How should I find nearest neighbors for every element in a list?

Asked 12/10, 2011 at 15:50 Answered 14/10, 2016 at 2:47

Solved algorithm language-agnostic nearest-neighbor

I have two sets of integers A and B (size of A less than or equal to B), and I want to answer the question, "How close is A to B?". The way I want to answer this question is by producing a measure of how far you have to go from a given a in A to find a b in B.

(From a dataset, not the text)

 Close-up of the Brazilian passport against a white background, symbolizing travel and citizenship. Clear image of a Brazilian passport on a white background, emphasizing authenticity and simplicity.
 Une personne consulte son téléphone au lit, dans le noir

The specific measure I want to produce does the following: for each a, find the closest b, the only catch being that once I match a b with an a, I can no longer use that b to match any other a's. (EDIT: the algorithm I'm trying to implement will always prefer a shorter match. So if b is the nearest neighbor to more than one a, pick the a nearest to b. I'm not sure what to do if more than one a has the same distance to b, right now I'm picking the a that precedes b, but that's quite arbitrary and not necessarily optimal.) The measure that I'll for make these sets, the final product, is a histogram showing the number of pairs in the vertical axis and the distance of the pairs in the x-axis.

So if A = {1, 3, 4} and B = {1, 5, 6, 7}, I will get the following a,b pairs: 1,1, 4,5, 3,6. For these data, the histogram should show one pair with distance zero, one pair with distance 1, and one pair with distance 3.

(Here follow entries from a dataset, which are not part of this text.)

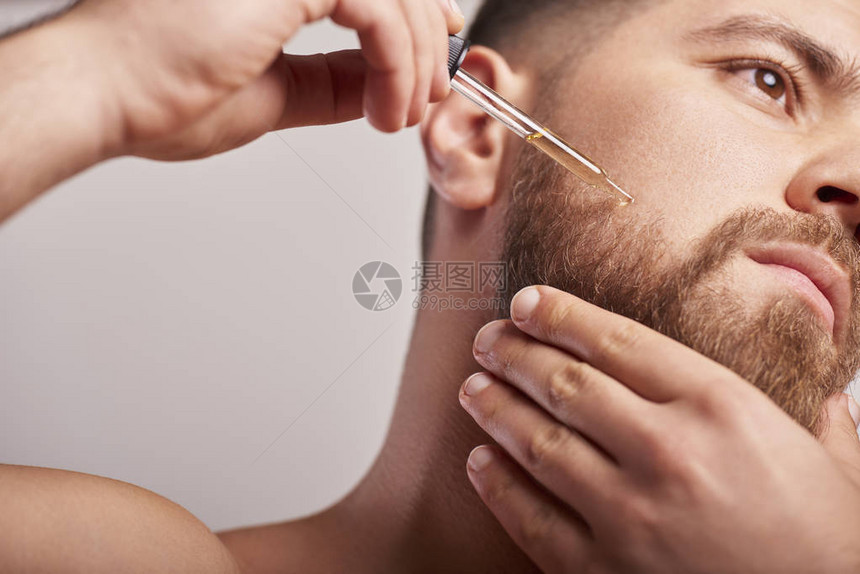 英俊男子手持吸管用油留胡子的特写图像图片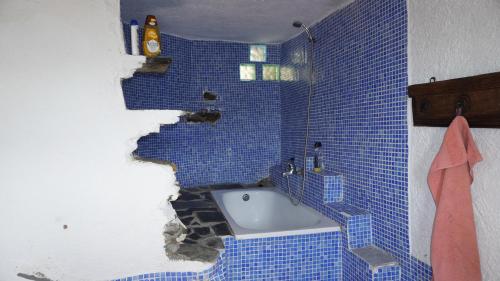 W łazience z niebieskimi ścianami wyłożonymi kafelkami znajduje się wanna. w obiekcie Cortijos Rey Fini w Grenadzie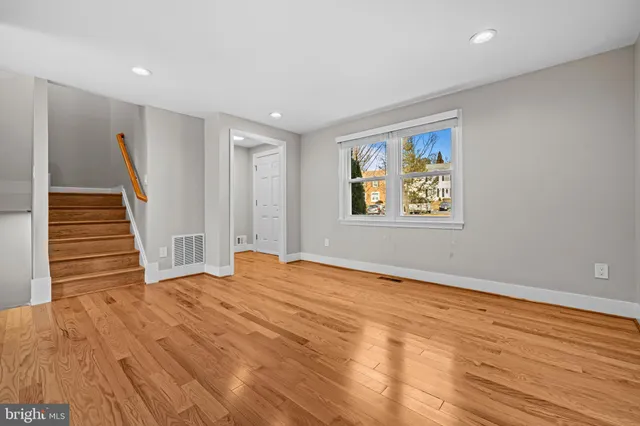 a view of an empty room with wooden floor and stairs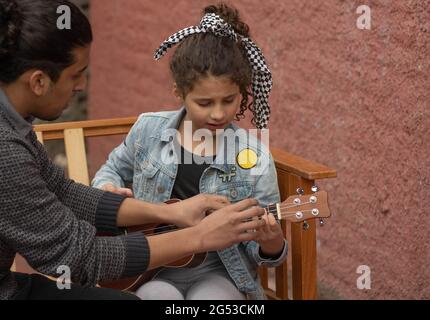 Giovane uomo ispanico insegnamento ragazza capelli ricci per giocare ukulele Outdoors musica concetto Foto Stock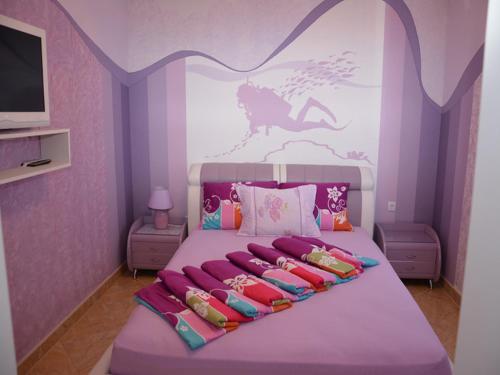 a bedroom with a large bed with a horse on the wall at Apartmani Niksic in Herceg-Novi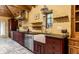 A kitchen featuring stainless steel appliances, custom cabinetry, stone floors, and wood paneled ceilings at 5805 Forest Ln, Indianapolis, IN 46220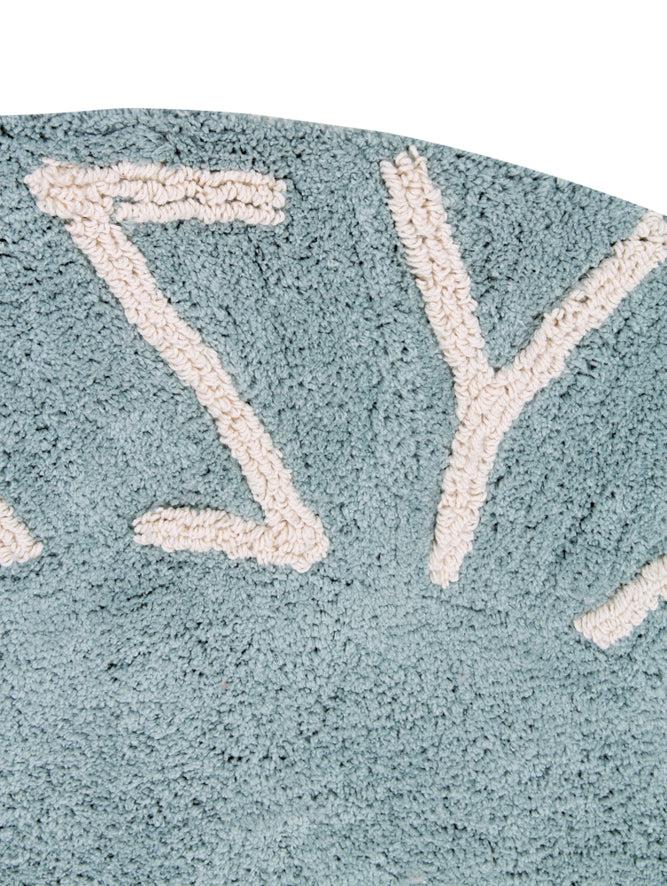 A round blue rug with the letters of the alphabet in white arranged around the edge. kids rugs singapore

(The actual size of these sets has an upper bound around 100,000 elements, and I read them in from disk already sorted low to high. The integers range from 1 to ~20,000,000. EDIT: also, the elements of A and B are unique, i.e. no repeated elements.)

The solution I've come up with feels a bit clunky. I'm using Perl, but the problem is more or less language agnostic.

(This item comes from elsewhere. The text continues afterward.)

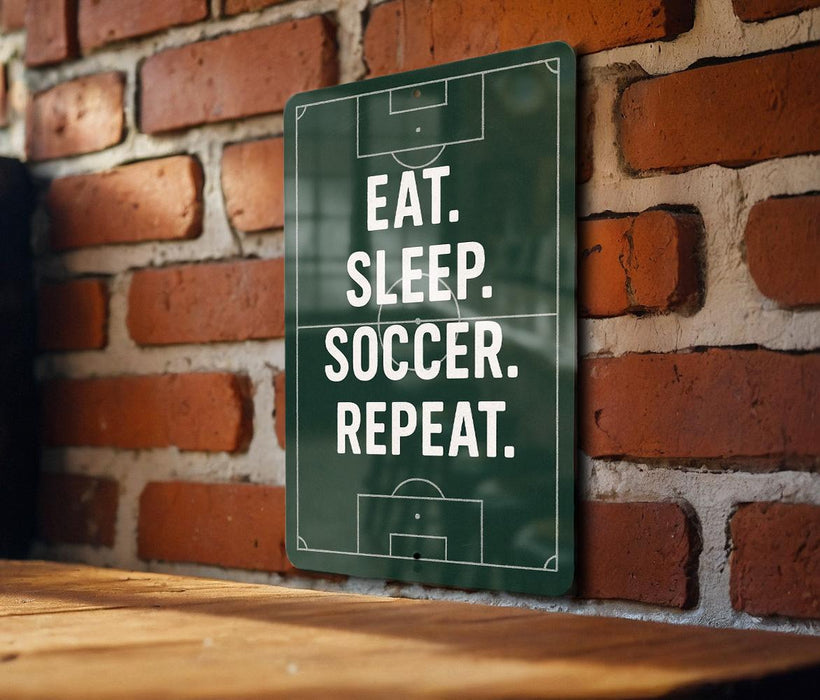 A green sign with white text is mounted on a brick wall, displaying the message "EAT. SLEEP. SOCCER. REPEAT."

First I make a hash, with one key for each number that appears in the union of A and B and values indicating whether each number appears in A, B, or both, e.g. $hash{5} = {a=>1, b=>1} if the number 5 appears in both data-sets. (If it only appeared in A, you'd have $hash{5} = {a=>1}.)
Next, I iterate over A to find all the hash elements that appear in A and B, mark them in the measure, and remove them from the hash.
Then, I sort all the hash keys and make each element of the hash point to its nearest neighbors, like a linked list, where a given hash element now looks like $hash{6} = {b=>1, previous=>4, next=>8}. The linked list doesn't know whether the next and previous elements are in A or B.
Then I loop over pair distances starting at d=1, and find all pairs with distance d, mark them, remove them from the hash, until there are no more elements of A to match.

The loop looks like this:

for ($d=1; @a > 0; $d++) {
    @left = ();
    foreach $a in @a {
        $next = $a;
        # find closest b ahead of $a, stop searching if you pass $d
        while (exists $hash{$next}{next} && $next - $a < $d) {
            $next = $hash{$next}{next};
        }
        if ($next is in B && $next - $a == $d) {
            # found a pair at distance $d
            mark_in_measure($a, $next);
            remove_from_linked_list($next);
            remove_from_linked_list($a);
            next;
        }

        # do same thing looking behind $a
        $prev = $a;
        ...

        # you didn't find a match for $a
        push @left, $a;
    }
    @a = @left;
}

This loop obviously prefers pairs that match b's that appear later than a's; I can't tell whether there's a sensible way to decide whether later is better than prior (better in terms of getting closer pairs). The main optimization I'm interested in is processing time.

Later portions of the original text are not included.